Web page caption snippets:
BEGIN

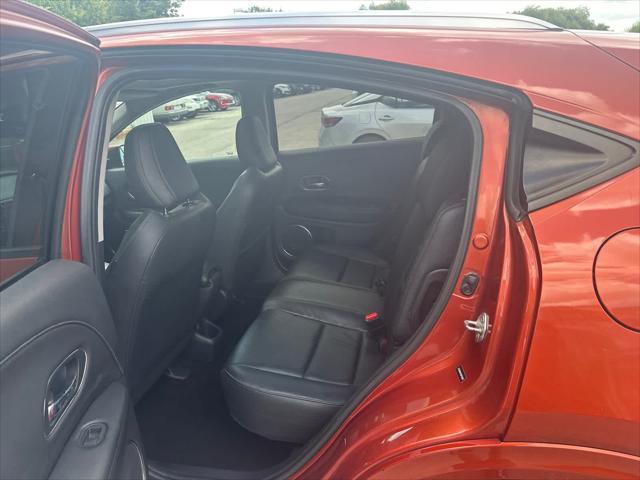 used 2019 Honda HR-V car, priced at $21,999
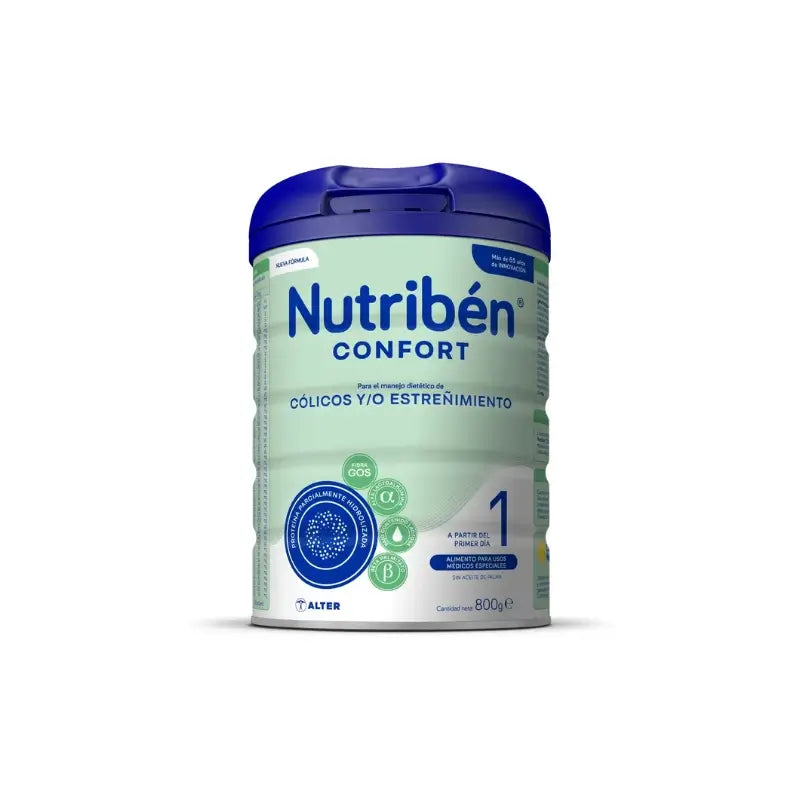 Nutribén Confort 1 Milchstarter, 800 g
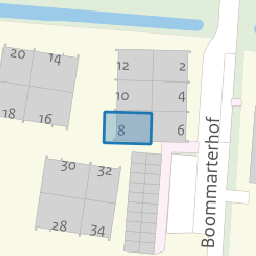 Perceel CLB00-N-5155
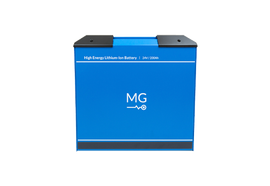 Batterie agli ioni di litio ad alta energia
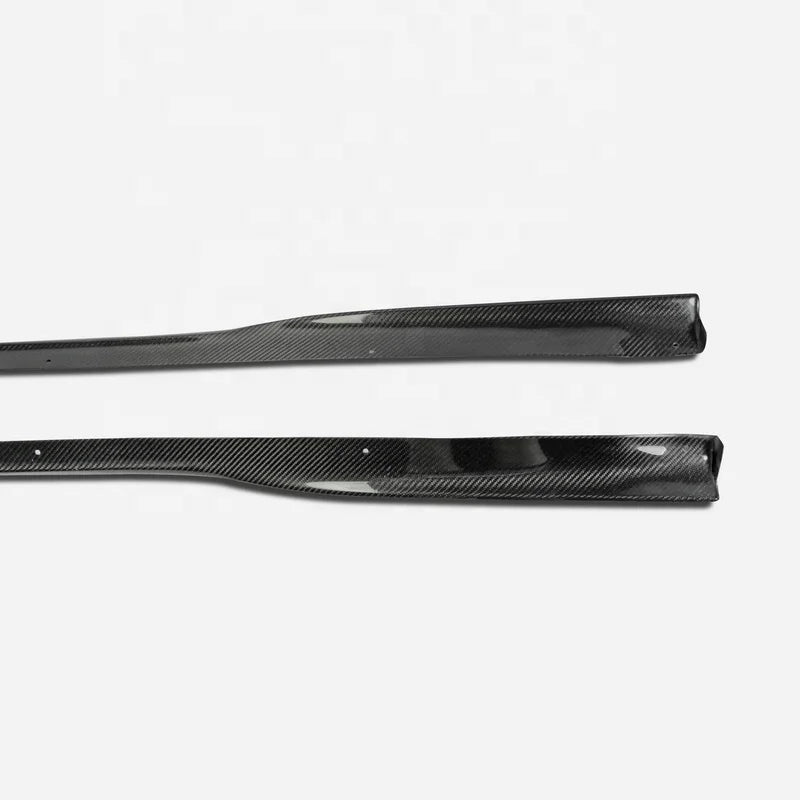 Nissan 350Z Z33 Carbon Fiber Side Skirt Extensions product image 4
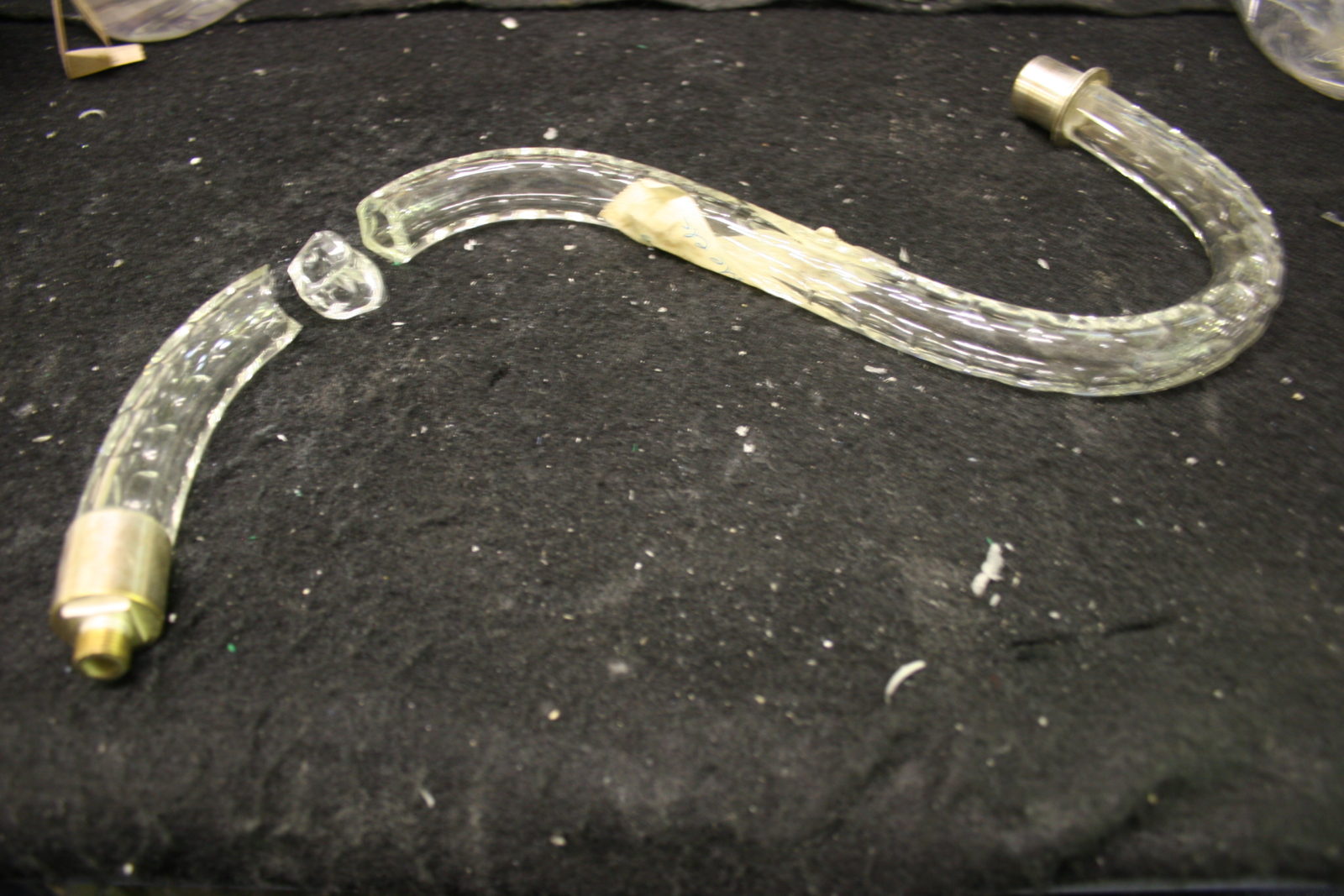 Antique Crystal Chandelier Repair Specialists Bruening Glass Works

END

Please retype exactly the lines from the one containing "Batterie agli ioni di litio ad alta energia" through the last line of the records, both included, leaving out every picture.

- [Answer for the task]:
 Batterie agli ioni di litio ad alta energia
 Nissan 350Z Z33 Carbon Fiber Side Skirt Extensions product image 4
 Antique Crystal Chandelier Repair Specialists Bruening Glass Works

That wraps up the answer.